A origem, de Christopher Nolan

Por Pedro Fernandes

Caprio em grande forma em A origem, isso depois de uma outra estreia singular no cinema, Ilha do medo, de Martin Scorcese


Até hoje Ilha do medo, de Scorcese era, para mim, o melhor filme de 2010. Perdeu seu posto para A origem, de Christopher Nolan. O filme é primoroso e retoma no espectador seu estágio de inteligência constantemente solavancado por bestiliades que varrem as telas do cinema de cabo a rabo no mundo. O enredo é simples; pode ser resumido em poucas linhas. Um ladrão de sonhos, Dom Cobb (Leonardo DiCaprio) é contratado para plantar uma ideia no inconsciente de um homem. Pronto está feito o nascimento de um enredo labiríntico e complexo que exige de nós olhos abertos a cada virar de cena.

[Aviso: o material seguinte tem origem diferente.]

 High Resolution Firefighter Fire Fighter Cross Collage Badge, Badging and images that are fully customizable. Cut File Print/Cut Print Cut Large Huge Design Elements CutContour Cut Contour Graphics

Misto de sonho e realidade, o filme se apodera de questões caras à psicanálise, à física, à filosofia e sobre a própria técnica do fazer cinema. Para Nolan isso tudo posto à prova não é novidade. O diretor vem aperfeiçoando sua técnica de manipulação dos laços ficção-realidade, desde quando lança Amnésia - filme também guiado pelas linhas da mente, e Seguinte - seu primeiro filme levado à cena há pelo menos uma década. A tessitura labiríntica de A origem não foi-lhe barata. Segundo os jornais sobre cinema, Nolan teria levado nada menos do que dez anos para elaborar a trama.

O filme me lembrou Ilha do medo. Em ambos os filmes a realidade são projeções da mente humana, e difícil é precisar onde que finda uma e onde que começa outra. Fez-me lembrar ainda Matrix pela operacionalização dos labirintos cerebrais como que máquinas potentes capazes de erguer nosso estágio de civilização e capazes também de destruí-los. Lembro aqui da personagem-mulher fatal - a mulher de Dom, interpretada pela atriz Marion Cotillard. Ela morreu, mas vive invadindo os sonhos do ex-marido. Espécie de vírus que se lhes apresenta em todos os projetos de invasão de sonhos para sujar o roteiro elaborado.

Tudo nesse filme vale a pena: a trilha sonora - que novamente me remete ao Ilha do medo, claro, aqui pincelado pelos versos da Edith Piaf em Non, je ne regrette rien, que é a música usada para acordar do transe os envolvidos no projeto de manipulação dos espaços oníricos - a fotografia, os efeitos - que novamente me remete ao Matrix. Enfim, como já bem notou a crítica, A origem reitera que, apesar de tudo, ainda reside inteligência em Hollywood.